Persistence: the fifth P of marketing?

The 4 P's of marketing are technically known as product, price, place, and promotion, but if I could be so bold as to suggest an addition, I'd have to tack on a fifth P: persistence. (Note: Before you start yelling about how the 4 P's have been the same for decades, and who am I to suggest a change, stop and think about it for a moment. How many hundreds of marketing campaigns might have fallen flat, if not for a brave soul or two who championed the cause? Besides, this is my blog, and therefore I can propose whatever strikes my fancy. Okay, moving on...)

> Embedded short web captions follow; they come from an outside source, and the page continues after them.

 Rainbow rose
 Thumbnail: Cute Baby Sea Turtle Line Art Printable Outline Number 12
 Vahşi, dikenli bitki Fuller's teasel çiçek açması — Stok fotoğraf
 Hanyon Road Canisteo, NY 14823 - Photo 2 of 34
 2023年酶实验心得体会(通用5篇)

Like many other marketers, I am not one to throw in the towel easily. True story: my stubborn streak actually landed me a dream job back in 2005. I saw a marketing manager position posted online and begged the recruiter to send me to interview for the role. Even though I gave my best effort, I was denied a shot at an interview; the recruiter said I simply wasn't experienced enough for him to even consider forwarding my resume to his client. Deflated, I went about my business, and then lo and behold, I saw the same position posted again a few months later. I immediately called the recruiter, and said, "Listen, all you have to do is get me in the door. I can do the rest." Several interviews later, I had the role. Call it persistence, or call it pig-headed stubbornness, but if I truly believe in something, I am loathe to call it quits under any circumstance, personally or professionally.

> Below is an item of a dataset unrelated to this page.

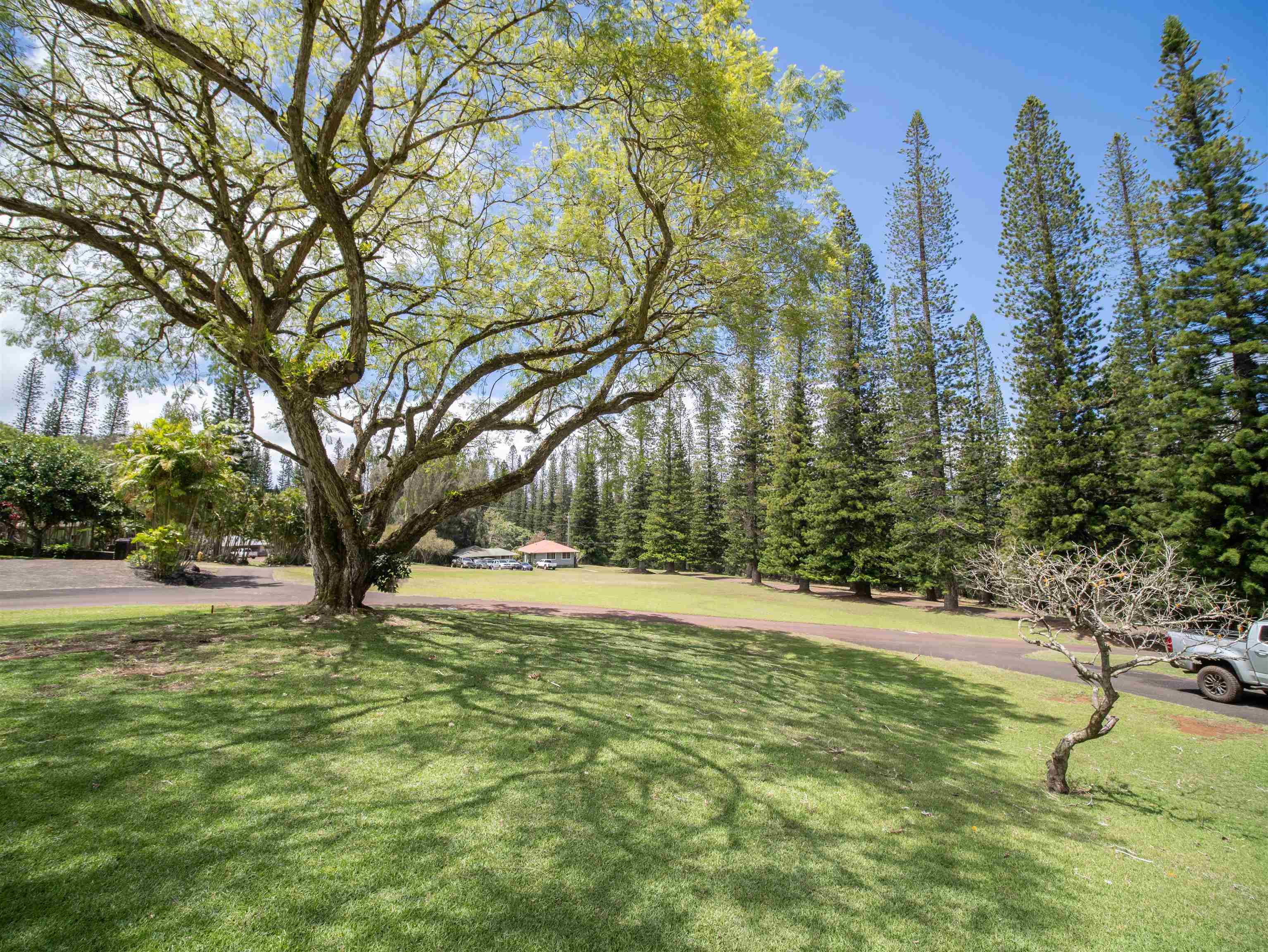 437 Hau Dr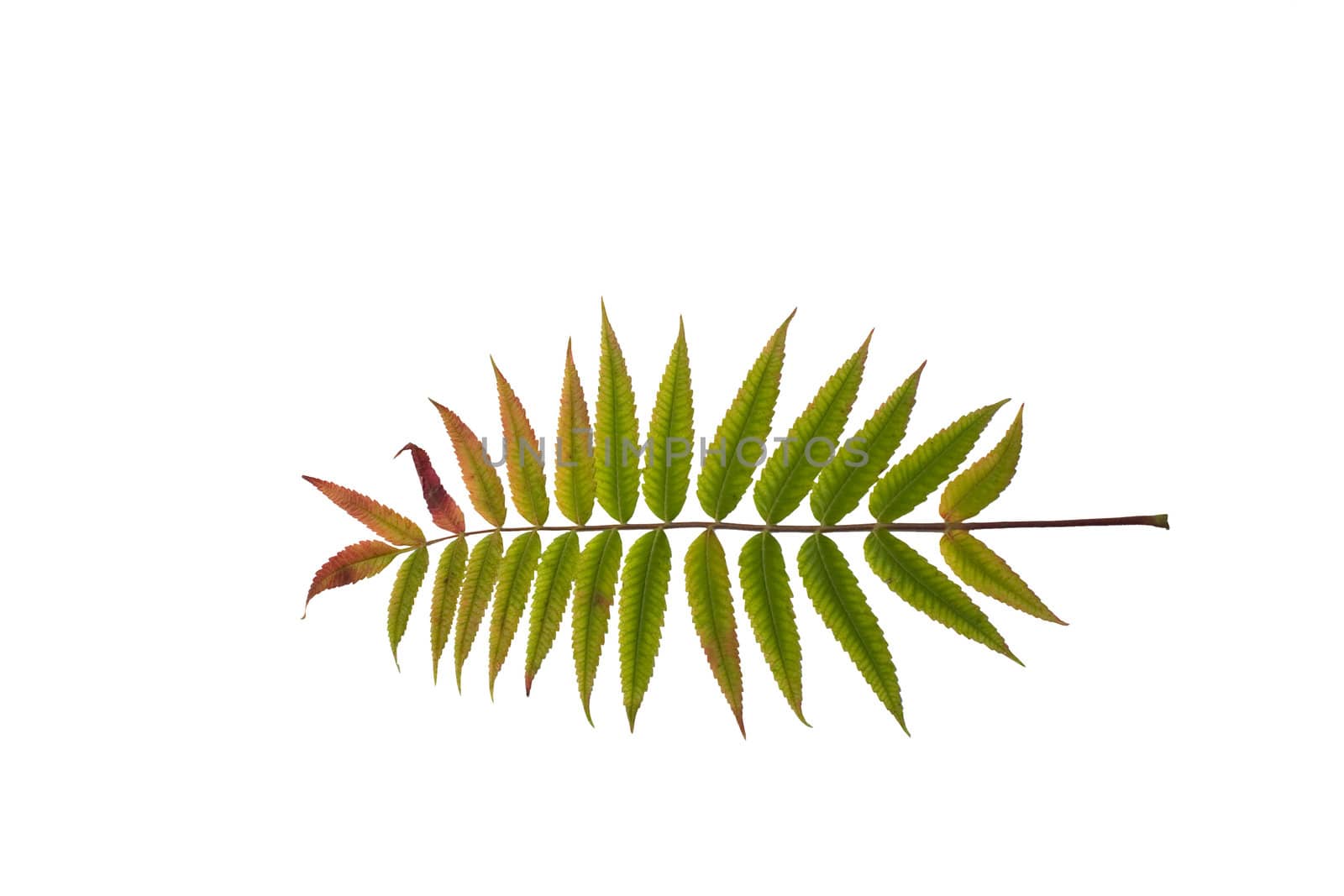 Isolated macro tree leaf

And so the true subject of this post: I'm very excited to say that after nearly a year and a half in my current role at Dolben, we are finally ready to take the plunge into the wild world of social media. I've been pitching this since the summer of 2009 (even before I was hired: social media was discussed during the interview process), and until last week, other initiatives have taken precedence. I fully understand and appreciate why we've needed to take things slow; we've had a mountain of projects to tackle over the last eighteen months, and a one-person department can only take on so many things at once. Still, even with a mile-long "to do" list, I've been pushing social media on a constant basis. Why? Based on what I've seen and heard, I'm convinced that it will enhance our marketing and resident retention efforts. I also feel pretty strongly that the longer we wait, the more our teams will have to play catch up when we finally make our entrance.

Interestingly, my most recent campaign to "go social" succeeded thanks to one of our advertising partners. Through an exclusive relationship with Oodle and Facebook Marketplace, For Rent Media Solutions is giving clients an advertising boost by listing properties on Marketplace at no charge through the end of the calendar year, and building Facebook Pages for clients who don't yet have them. The icing on the cake? They have a "social media hotline" for on-site teams needing advice. I'm well aware that there are several companies in the multifamily industry who will build out Facebook Pages, manage content generation, and even act as the virtual voice of the property in responding to comments. But as social media newbies, that type of full-scale solution wasn't really what we were looking for: we wanted help getting started, and then wanted to roll up our sleeves and engage directly with our residents and prospects. Thanks to the For Rent team, I don't have to walk our on-site teams through the page development process, and if for some reason I'm not available to help our properties navigate through a sticky situation, they have access to a whole team of people who can help. Plus, our Marketplace ads will connect to our Facebook Pages, allowing the pages to serve as both as a marketing tool and a resident retention tool. Genius.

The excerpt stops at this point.